Âmes figurées

Originaire du sud, au bord de la Méditerranée, bleu outre- mer, indigo, céruléen ou Majorelle, j’ai grandi, ô toi astre suprême, sous la dilection de ta vive lumière. Je virevolte au gré du vent, emportée vers l’azur horizon, sous ta tramontane capricieuse et tintinnabulante. Je danse , je saute pieds nus, gambade dans l’ocre des champs de blés craquants , le vert émeraude de l’herbe coupée, le gris noir pierre de lave du sable rocheux.

Pinceaux de bois blonds, couteaux gris argent qui scintillent sous tes feux ardents, agités à la main, maillot ficelles jaune citron, chapeau de paille bouton d’or , je suis éblouie par la puissance de tes rayons tournesol , exacerbant les couleurs chatoyantes de la vie.

Mon bel olivier centenaire, aux reflets vert de gris, je peins sous ton ombre dispersée, dont le tronc brun noueux craquelé soutient ma toile. J’aime tes fruits arrondis, du vert au violet foncé en passant par le rouge violacé, qui à l’automne, jonchent, mûrs, le sol à mes pieds.

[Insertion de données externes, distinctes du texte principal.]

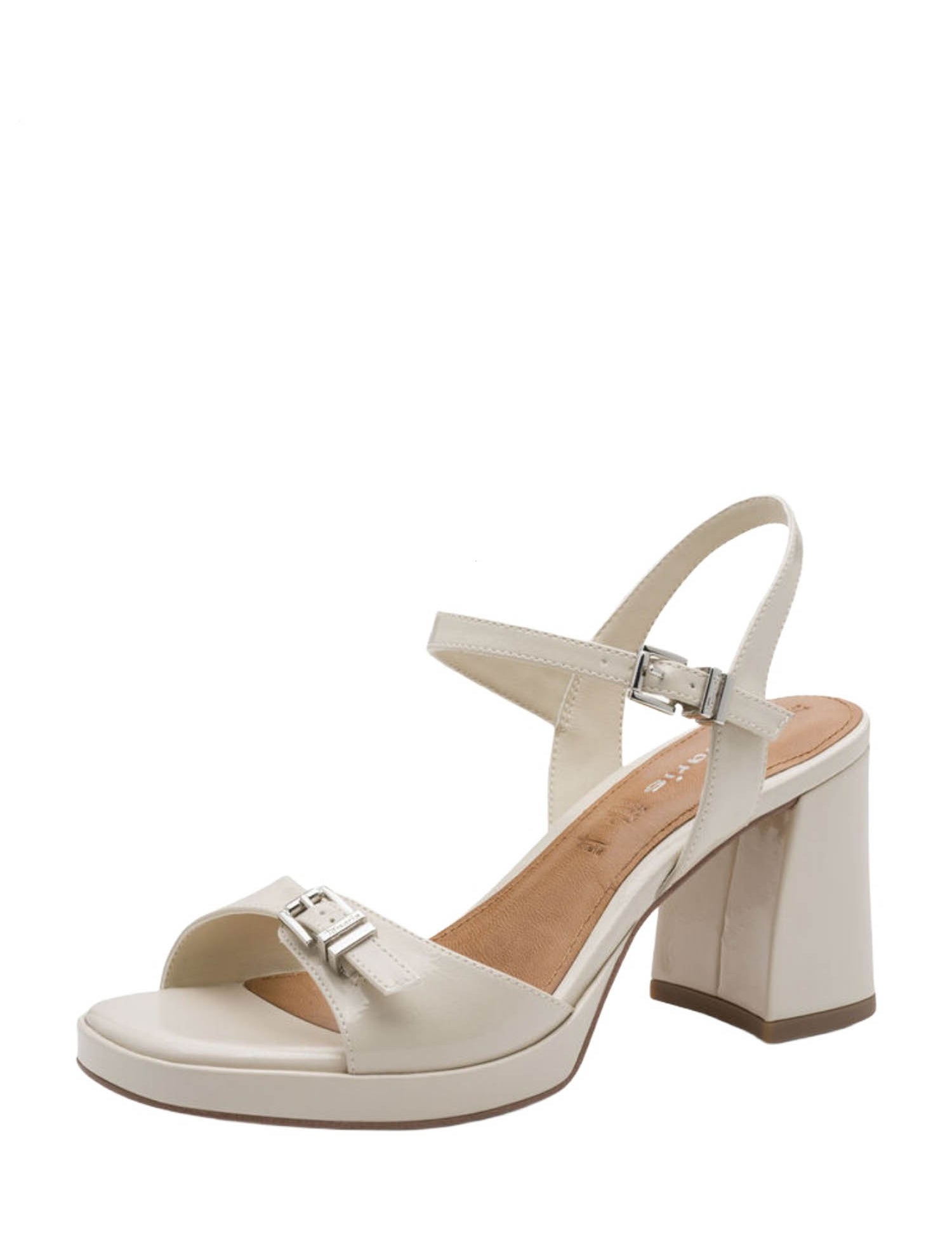 Sandali tacco Beige Tamaris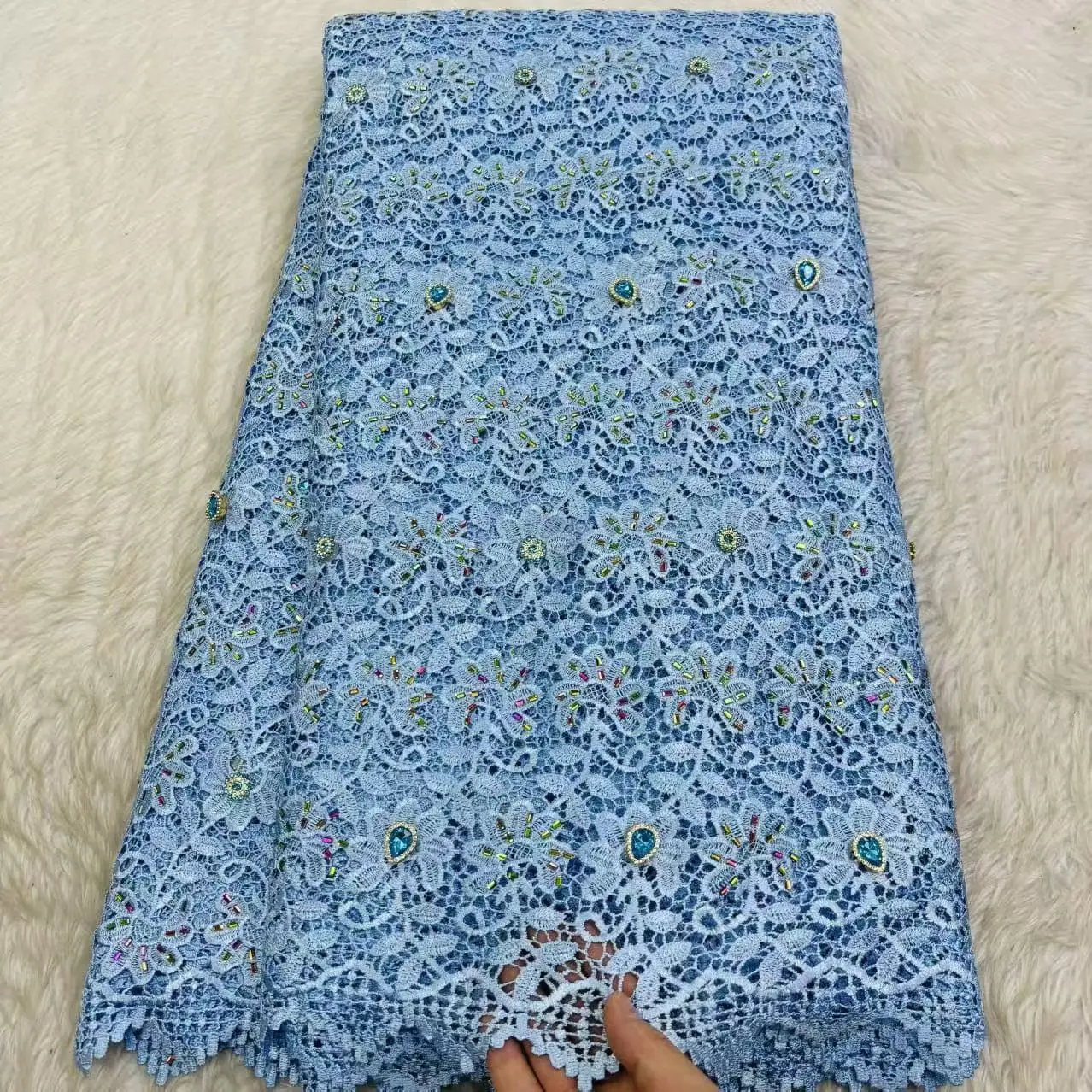 

African Lace Fabric 2025 High Quality,Cord , Fabrics By The Meter,Embroidery,Rhinestone,Linen,Prom Dresses,Tulle,Design, Hm200-1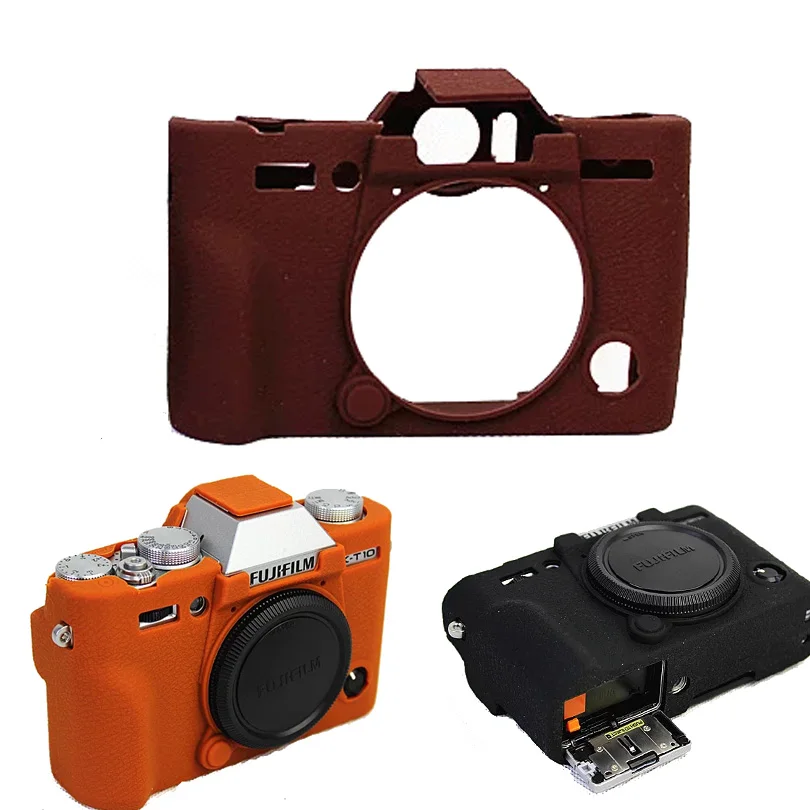 Мягкий защитный силиконовый Камера чехол кожного покрова сумка Обложка для Fuji XT10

Parfum suave de la feuille de figuier, à la panachure veloutée, le jaune flamboyant mimosa me salue. Cocos plumosa vert pomme , butia capitata vert gris bleu, le tilleul élancé et la verveine opulente me murmurent avec délicatesse leurs tons.

Mon esprit s’affole.

Violines lavandes, lilas enivrants, pourpres callistemons , bignones coq de roche dansent avec moi.

Fleurs d’Oiseaux de paradis orangés lancéolés, je m’inspire de vous. Le plumbago bleu ciel me caresse , les hosties fushia des bougainvillées ploient d’élégance.

Fragiles roses de peintre, jasmin blanc immaculé, feuilles vernissées vert anglais, lauriers blanc ivoire drapés empoisonnés, drupes pisiformes des baies roses du faux- poivrier, sous vos fragrances je vacille.

L’eucalyptus, sa majesté, bois sinueux brun de Sienne, me défie. Ma tête tourne, cigales brun noisette assourdissantes, cachées dans la pinède odorante, chaleur accablante, la peinture coule, les couleurs et les vapeurs se mêlent, les traits peu à peu apparaissent.

Je m’incline de vous voir. Toute la nitescence irradiante de l’être.

Je devine ces visages puissants, ces regards adamentins pénétrants, ces corps qui ondulent et qui tremblent. Je tourbillonne autour de vous, boucles d’or au vent.

Au travers de la Médecine aussi, depuis toujours, ils m’accompagnent, me bousculent, m’enveloppent. Je vous observe, profondément, vous écoute en silence. Je suis là et vous aussi, je crois, à côté de moi.

Le soleil , mon roi rougeoyant faiblit, les toiles sèchent, bercées par les coassements nocturnes qui cabriolent. Alors allongée au bord de l’eau, sous le ciel étoilé brasillant, bleu marine infini qui me scrute, je me pose m’y plonge et m’y perds. Sereine, heureuse, mon bel enfant adoré, ma vie, avec ta main rose tendre serrée, blottie au creux de la mienne.